Heutzutage werden digitale Werkzeuge in der Architektur – von maschinellem Lernen bis zu Fertigungstechnologien, von künstlicher Intelligenz bis zu Big Data – immer allgegenwärtiger. Zunehmend werden raffinierte Algorithmen und ausgefeilte Computerprogrammen entwickelt, die bereits in den ersten Entwurfsschritten die Formen von Bauwerken generieren können oder dabei unterstützen, formale Entscheidungen über deren Funktionsschema oder Konstruktion zu treffen. Die aktuellen Rechenleistungen beeinflussen deshalb nicht nur die kreative Arbeit von Architekt*innen, sondern gewinnen auch seit den letzten Jahren in der Architekturforschung und -Lehre deutlich an Relevanz.

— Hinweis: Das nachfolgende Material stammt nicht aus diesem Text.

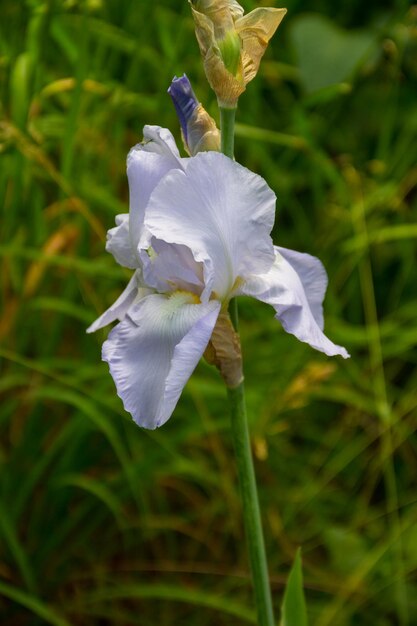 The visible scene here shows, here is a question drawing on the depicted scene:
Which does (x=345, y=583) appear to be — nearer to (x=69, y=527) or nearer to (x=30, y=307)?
(x=69, y=527)

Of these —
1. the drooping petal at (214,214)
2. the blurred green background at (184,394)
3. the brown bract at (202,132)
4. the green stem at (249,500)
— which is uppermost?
the brown bract at (202,132)

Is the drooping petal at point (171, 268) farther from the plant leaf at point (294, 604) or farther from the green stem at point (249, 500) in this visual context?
the plant leaf at point (294, 604)

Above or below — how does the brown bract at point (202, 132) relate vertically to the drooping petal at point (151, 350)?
above

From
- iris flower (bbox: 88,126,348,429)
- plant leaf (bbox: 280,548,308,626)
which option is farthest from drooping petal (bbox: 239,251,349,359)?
plant leaf (bbox: 280,548,308,626)

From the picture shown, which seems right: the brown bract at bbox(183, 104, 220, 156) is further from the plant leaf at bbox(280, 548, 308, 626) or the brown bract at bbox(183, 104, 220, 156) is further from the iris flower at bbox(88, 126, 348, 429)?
the plant leaf at bbox(280, 548, 308, 626)

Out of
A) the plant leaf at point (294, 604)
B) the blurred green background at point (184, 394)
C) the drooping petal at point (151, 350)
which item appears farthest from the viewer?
the blurred green background at point (184, 394)

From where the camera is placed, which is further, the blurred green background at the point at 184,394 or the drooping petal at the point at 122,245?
the blurred green background at the point at 184,394

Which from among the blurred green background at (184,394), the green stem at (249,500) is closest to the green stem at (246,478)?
the green stem at (249,500)

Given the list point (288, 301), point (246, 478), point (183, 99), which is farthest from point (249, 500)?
point (183, 99) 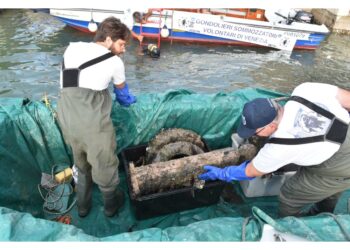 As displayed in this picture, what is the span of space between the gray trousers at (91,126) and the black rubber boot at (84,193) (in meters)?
0.29

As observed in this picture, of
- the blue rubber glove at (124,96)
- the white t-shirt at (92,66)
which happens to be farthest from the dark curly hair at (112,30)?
the blue rubber glove at (124,96)

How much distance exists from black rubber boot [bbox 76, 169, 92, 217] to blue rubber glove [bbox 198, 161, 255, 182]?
46.1 inches

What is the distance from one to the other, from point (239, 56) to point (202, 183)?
956cm

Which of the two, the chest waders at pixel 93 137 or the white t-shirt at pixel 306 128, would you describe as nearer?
the white t-shirt at pixel 306 128

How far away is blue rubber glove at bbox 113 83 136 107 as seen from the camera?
3034 mm

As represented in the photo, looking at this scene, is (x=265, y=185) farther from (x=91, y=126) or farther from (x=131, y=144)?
(x=91, y=126)

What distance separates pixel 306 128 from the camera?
6.78 feet

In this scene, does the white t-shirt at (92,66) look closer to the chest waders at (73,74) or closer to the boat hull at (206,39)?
the chest waders at (73,74)

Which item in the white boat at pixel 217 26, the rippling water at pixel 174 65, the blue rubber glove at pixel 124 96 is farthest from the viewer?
the white boat at pixel 217 26

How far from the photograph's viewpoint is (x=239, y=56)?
11625mm

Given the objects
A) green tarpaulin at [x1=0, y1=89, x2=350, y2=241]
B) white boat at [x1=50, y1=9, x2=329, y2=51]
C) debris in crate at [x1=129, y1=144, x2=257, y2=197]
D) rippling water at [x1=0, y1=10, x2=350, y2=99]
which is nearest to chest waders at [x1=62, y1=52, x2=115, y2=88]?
green tarpaulin at [x1=0, y1=89, x2=350, y2=241]

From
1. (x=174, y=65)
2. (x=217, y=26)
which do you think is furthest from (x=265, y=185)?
(x=217, y=26)

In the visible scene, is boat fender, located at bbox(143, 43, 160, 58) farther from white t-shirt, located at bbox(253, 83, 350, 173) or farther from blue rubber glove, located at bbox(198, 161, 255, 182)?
white t-shirt, located at bbox(253, 83, 350, 173)

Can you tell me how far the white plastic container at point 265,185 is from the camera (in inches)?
130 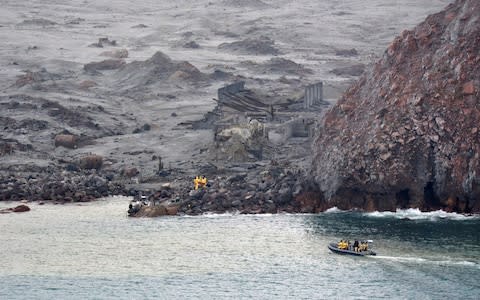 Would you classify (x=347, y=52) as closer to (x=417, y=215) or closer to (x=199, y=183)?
(x=199, y=183)

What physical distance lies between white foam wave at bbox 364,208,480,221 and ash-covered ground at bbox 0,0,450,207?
16564 mm

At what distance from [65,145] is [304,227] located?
110 feet

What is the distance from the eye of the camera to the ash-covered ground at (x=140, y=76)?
103125 mm

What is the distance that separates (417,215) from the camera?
84938mm

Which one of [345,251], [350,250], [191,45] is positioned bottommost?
[345,251]

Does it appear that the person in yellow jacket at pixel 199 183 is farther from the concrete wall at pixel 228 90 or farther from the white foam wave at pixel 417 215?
the concrete wall at pixel 228 90

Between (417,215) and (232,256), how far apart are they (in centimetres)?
1581

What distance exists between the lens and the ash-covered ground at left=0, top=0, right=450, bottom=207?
103125 mm

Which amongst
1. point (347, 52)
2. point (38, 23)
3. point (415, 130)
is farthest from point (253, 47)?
point (415, 130)

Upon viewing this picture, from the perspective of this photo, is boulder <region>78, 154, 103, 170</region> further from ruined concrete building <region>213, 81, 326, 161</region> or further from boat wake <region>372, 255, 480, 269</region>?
boat wake <region>372, 255, 480, 269</region>

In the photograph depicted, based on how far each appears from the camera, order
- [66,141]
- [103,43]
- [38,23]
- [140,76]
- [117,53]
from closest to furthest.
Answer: [66,141]
[140,76]
[117,53]
[103,43]
[38,23]

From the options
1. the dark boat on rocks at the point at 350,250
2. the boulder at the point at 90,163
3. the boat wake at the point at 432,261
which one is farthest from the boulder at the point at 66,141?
the boat wake at the point at 432,261

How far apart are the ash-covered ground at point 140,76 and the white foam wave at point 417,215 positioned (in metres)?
16.6

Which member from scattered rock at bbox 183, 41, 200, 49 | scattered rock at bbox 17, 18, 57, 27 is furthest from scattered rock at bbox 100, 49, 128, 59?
scattered rock at bbox 17, 18, 57, 27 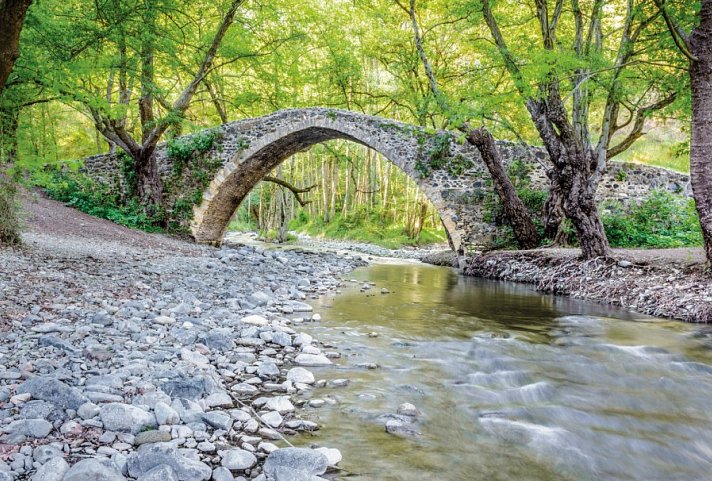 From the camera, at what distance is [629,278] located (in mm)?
6555

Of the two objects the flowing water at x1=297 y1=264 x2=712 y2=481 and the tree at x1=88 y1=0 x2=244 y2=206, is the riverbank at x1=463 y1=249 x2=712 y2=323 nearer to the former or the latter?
the flowing water at x1=297 y1=264 x2=712 y2=481

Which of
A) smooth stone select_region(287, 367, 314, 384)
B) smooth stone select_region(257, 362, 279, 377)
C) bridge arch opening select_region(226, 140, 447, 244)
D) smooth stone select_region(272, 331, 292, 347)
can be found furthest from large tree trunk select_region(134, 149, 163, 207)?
smooth stone select_region(287, 367, 314, 384)

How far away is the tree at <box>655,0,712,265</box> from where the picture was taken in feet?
17.4

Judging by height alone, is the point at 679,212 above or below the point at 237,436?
above

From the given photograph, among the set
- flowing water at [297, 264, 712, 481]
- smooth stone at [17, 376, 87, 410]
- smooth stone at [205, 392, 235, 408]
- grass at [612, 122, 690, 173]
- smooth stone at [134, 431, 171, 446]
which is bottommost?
flowing water at [297, 264, 712, 481]

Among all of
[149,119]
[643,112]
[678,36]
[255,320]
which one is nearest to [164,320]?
[255,320]

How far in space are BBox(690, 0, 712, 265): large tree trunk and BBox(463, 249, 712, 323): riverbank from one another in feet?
2.24

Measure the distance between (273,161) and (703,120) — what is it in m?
11.3

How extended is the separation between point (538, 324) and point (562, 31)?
28.0 feet

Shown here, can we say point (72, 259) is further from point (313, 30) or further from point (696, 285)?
point (313, 30)

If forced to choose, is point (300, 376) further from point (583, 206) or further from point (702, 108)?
point (583, 206)

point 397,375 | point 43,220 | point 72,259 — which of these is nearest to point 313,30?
point 43,220

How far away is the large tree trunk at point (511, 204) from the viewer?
10373mm

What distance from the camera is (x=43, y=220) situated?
9.28 m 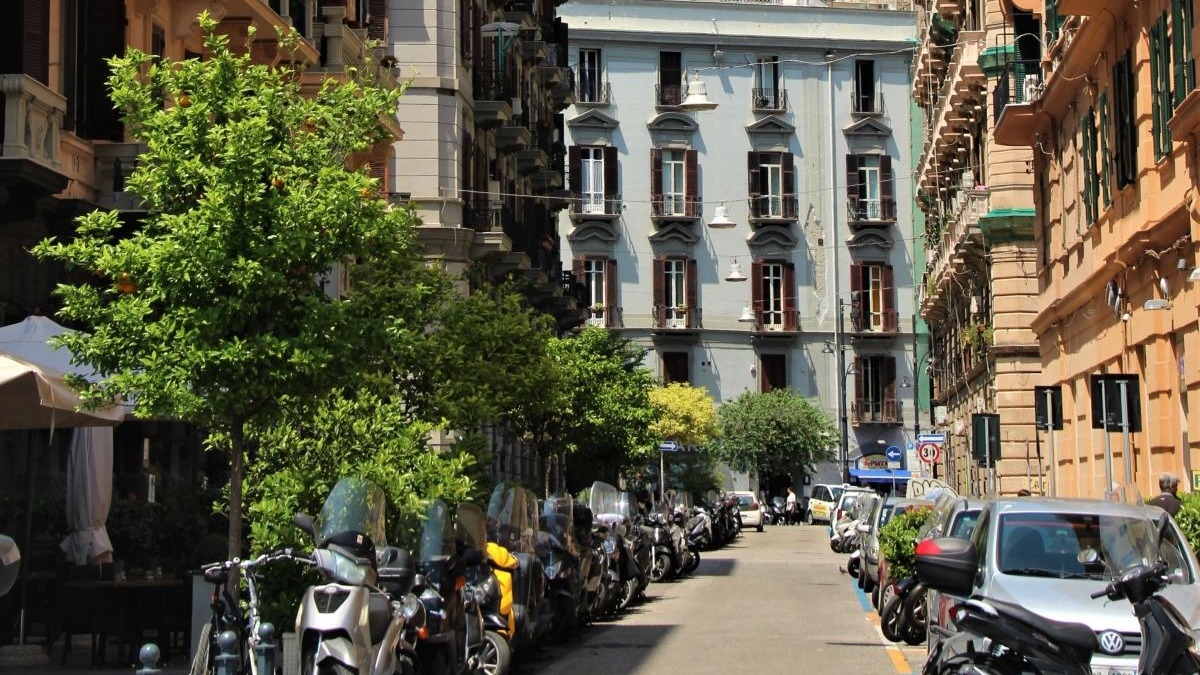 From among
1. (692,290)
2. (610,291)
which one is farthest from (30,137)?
(692,290)

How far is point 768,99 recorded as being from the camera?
75.8 m

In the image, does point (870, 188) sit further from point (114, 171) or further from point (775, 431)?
point (114, 171)

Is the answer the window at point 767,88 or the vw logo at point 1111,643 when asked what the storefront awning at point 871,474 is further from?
the vw logo at point 1111,643

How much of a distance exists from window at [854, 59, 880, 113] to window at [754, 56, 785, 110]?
320cm

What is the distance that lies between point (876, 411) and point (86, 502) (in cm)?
5899

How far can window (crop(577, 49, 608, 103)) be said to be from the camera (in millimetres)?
74688

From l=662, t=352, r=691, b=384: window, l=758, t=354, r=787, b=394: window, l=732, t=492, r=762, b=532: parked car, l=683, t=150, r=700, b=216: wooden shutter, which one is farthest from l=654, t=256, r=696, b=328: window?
l=732, t=492, r=762, b=532: parked car

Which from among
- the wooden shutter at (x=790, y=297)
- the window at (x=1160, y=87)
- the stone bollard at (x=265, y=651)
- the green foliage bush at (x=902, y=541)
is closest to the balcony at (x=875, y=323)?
the wooden shutter at (x=790, y=297)

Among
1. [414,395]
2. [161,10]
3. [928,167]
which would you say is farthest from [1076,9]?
[928,167]

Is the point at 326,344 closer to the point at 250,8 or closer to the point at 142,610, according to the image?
the point at 142,610

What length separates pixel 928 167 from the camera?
180 ft

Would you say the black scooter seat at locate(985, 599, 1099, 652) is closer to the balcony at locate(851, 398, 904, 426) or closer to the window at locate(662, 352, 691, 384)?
the window at locate(662, 352, 691, 384)

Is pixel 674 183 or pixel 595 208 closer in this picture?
pixel 595 208

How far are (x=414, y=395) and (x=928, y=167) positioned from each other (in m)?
31.1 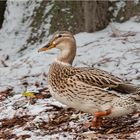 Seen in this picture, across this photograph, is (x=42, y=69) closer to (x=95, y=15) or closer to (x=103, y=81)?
(x=95, y=15)

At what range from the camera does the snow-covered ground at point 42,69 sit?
6.12 m

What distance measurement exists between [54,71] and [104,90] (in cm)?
70

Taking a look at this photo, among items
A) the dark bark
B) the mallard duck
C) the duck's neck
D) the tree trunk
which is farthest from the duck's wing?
the dark bark

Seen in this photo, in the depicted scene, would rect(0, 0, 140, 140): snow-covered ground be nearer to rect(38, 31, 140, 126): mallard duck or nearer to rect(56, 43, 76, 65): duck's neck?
rect(38, 31, 140, 126): mallard duck

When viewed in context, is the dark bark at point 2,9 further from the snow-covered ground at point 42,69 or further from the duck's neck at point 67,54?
the duck's neck at point 67,54

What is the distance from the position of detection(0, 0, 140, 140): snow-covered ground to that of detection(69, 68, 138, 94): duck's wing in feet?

Im Rahmen des 36. Deutschen Kunsthistorikertags wurden die Formanalyse und Formfindung in Zeiten computergenerierter Architektur sowohl unter theoretischen als auch praxisbezogenen Aspekten betrachtet und diskutiert. Anhand unterschiedlicher Fallbeispiele wurden die Formen und ihre digitalen Besonderheiten entlang der Entwurfsprozesse untersucht, um zu erläutern, wie diese die Grundlagen der architekturhistorischen Analyse von Objekten verändern. Angelehnt an diesen digitalen Wandel der Architektur- und Designtheorie wurde darüber hinaus demonstriert, wie technologische Entwicklungen und die daraus resultierenden Architekturformen als Ausgangspunkt für erweiterte, interdisziplinäre Forschungsansätze fungieren können, etwa im Bereich der Archäologie, der Materialforschung und der Kognitionswissenschaft.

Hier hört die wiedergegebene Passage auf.